Most podcasting advice skips this entirely. There are endless guides on how to book guests, how to prep them, how to get the best out of them on the day. Almost nothing on what to do when things go wrong and you owe someone an honest conversation. That gap is worth closing, because how you handle this moment says a great deal about your professionalism, and it has real consequences for your reputation in whatever community your podcast serves.
Why This Conversation Feels So Hard
Before getting into the how, it’s worth naming why this feels difficult in the first place.
Part of it is the inherent awkwardness of delivering unwelcome news to someone who gave you their time, their expertise, and their trust. Guests show up as a favor. They prepare, they clear their schedule, they come ready to contribute something. Telling them that the result isn’t usable feels, on some level, like telling them they failed, even when the reasons are more complicated than that.
Part of it is the professional stakes.

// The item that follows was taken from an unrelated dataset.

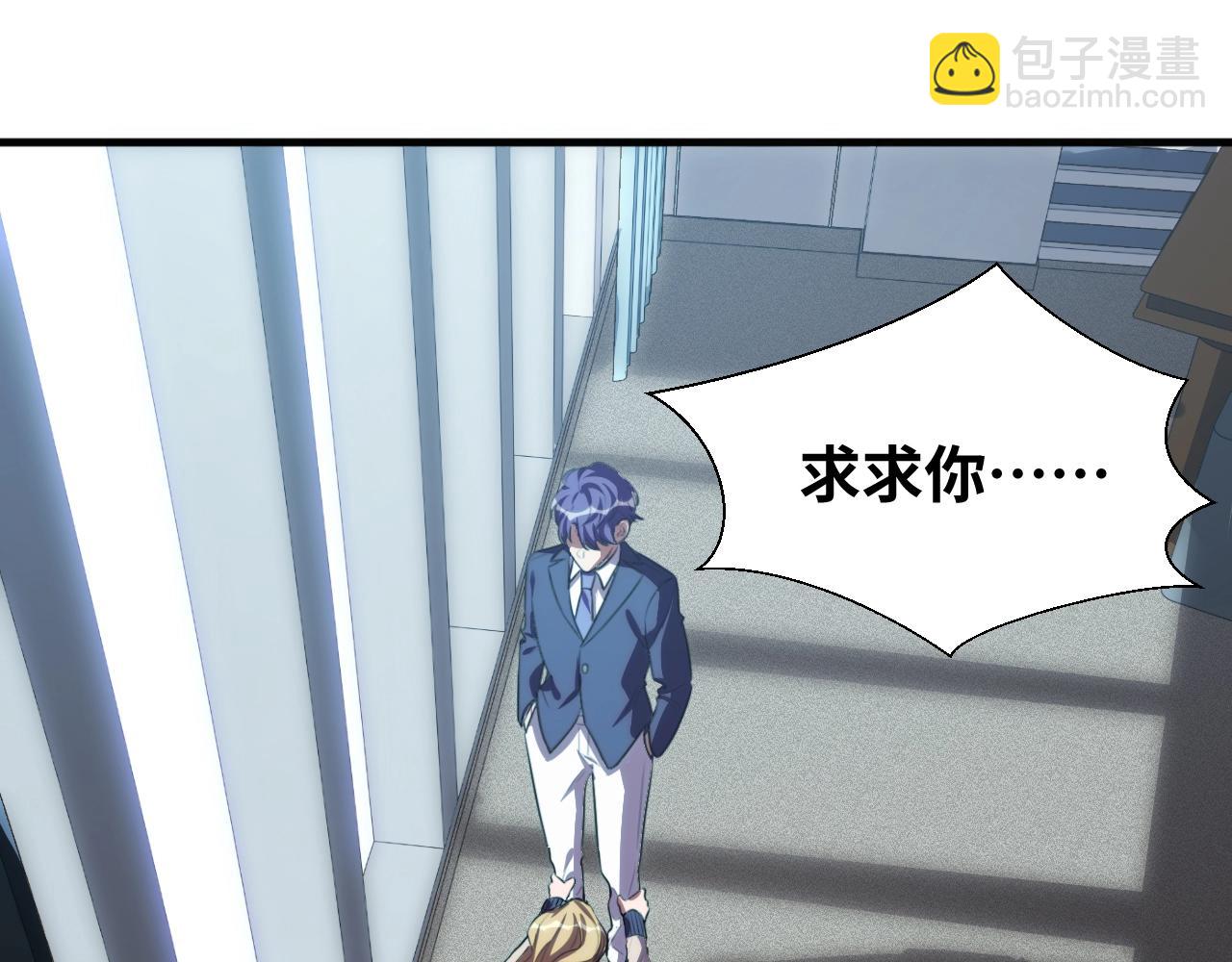 第52话 新的风暴已经出现(1/3)-第55话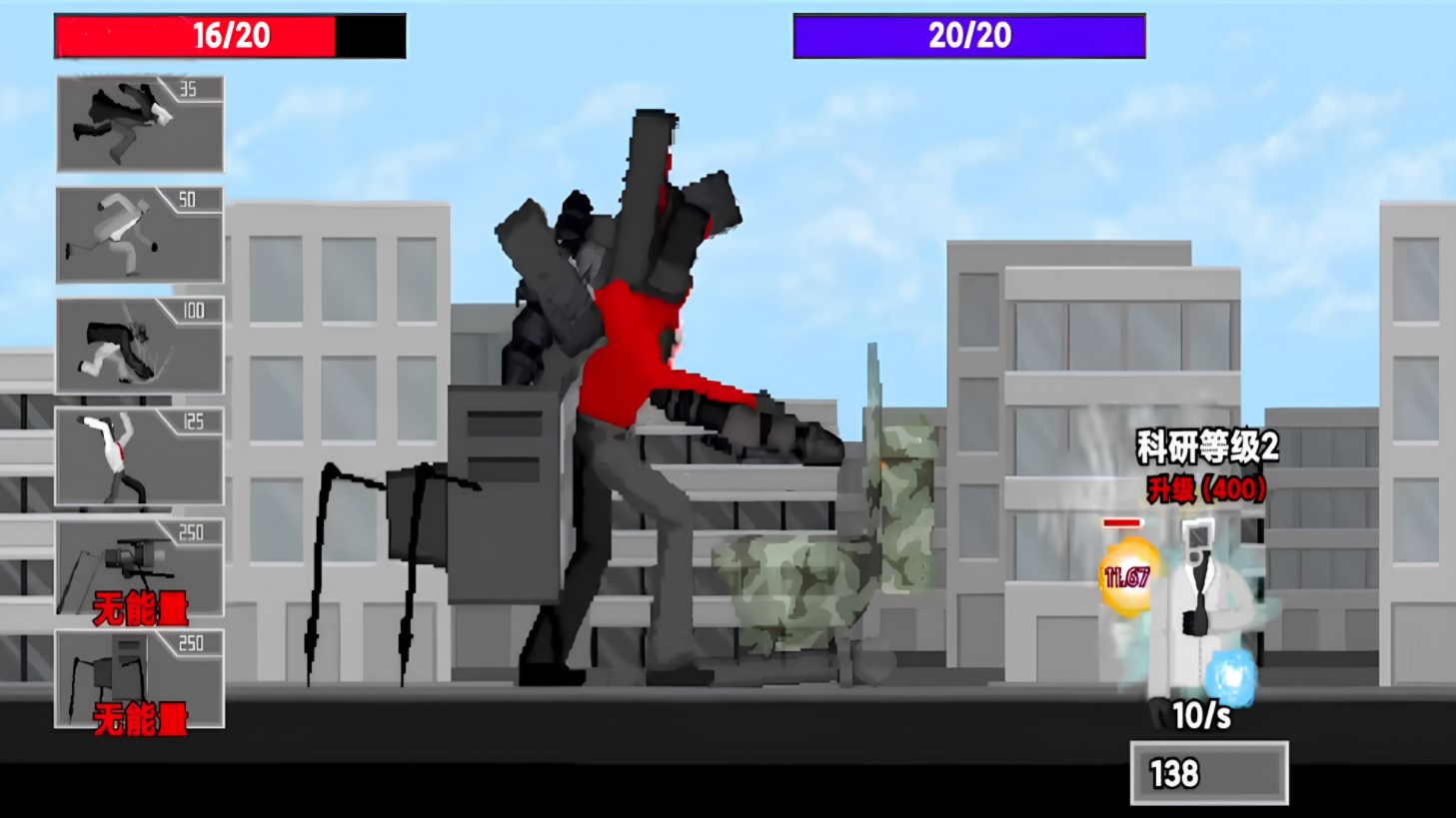 马桶人逆袭安装 马桶人逆袭安装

Depending on your niche, the podcasting world can be surprisingly small. Guests talk to each other. A host who ghosts a guest, or delivers the news clumsily, or throws the guest under the bus, will develop a reputation that precedes them. A host who handles it well, with directness and grace, often ends up with more goodwill than they started with.
And part of it, honestly, is that most people just haven’t thought through what to say. When you don’t have a script for an uncomfortable situation, the temptation is to delay, to soften, or to avoid it entirely. None of those serve you or the guest well.
The Principles Before the Words
A few principles should govern this conversation regardless of how you deliver it.
Be direct. The guest deserves to know what you’ve decided and why, without having to decode three paragraphs of diplomatic softening to find the actual news. Leading with the decision: “I’ve decided not to publish this episode,” is kinder than burying it, even though it feels more abrupt. People can handle a clear answer. What they struggle with is uncertainty and ambiguity.
Be honest about your reasons, but don’t overexplain. You don’t owe the guest a full post-mortem on everything that went wrong. A brief, honest explanation of why you made the call is appropriate. A detailed critique of their performance is not. There’s a meaningful difference between “the conversation didn’t reach the depth I need for my audience” and “you read from your notes for forty minutes and turned the middle section into an ad for your course.” The first is honest. The second is true but not necessary to say.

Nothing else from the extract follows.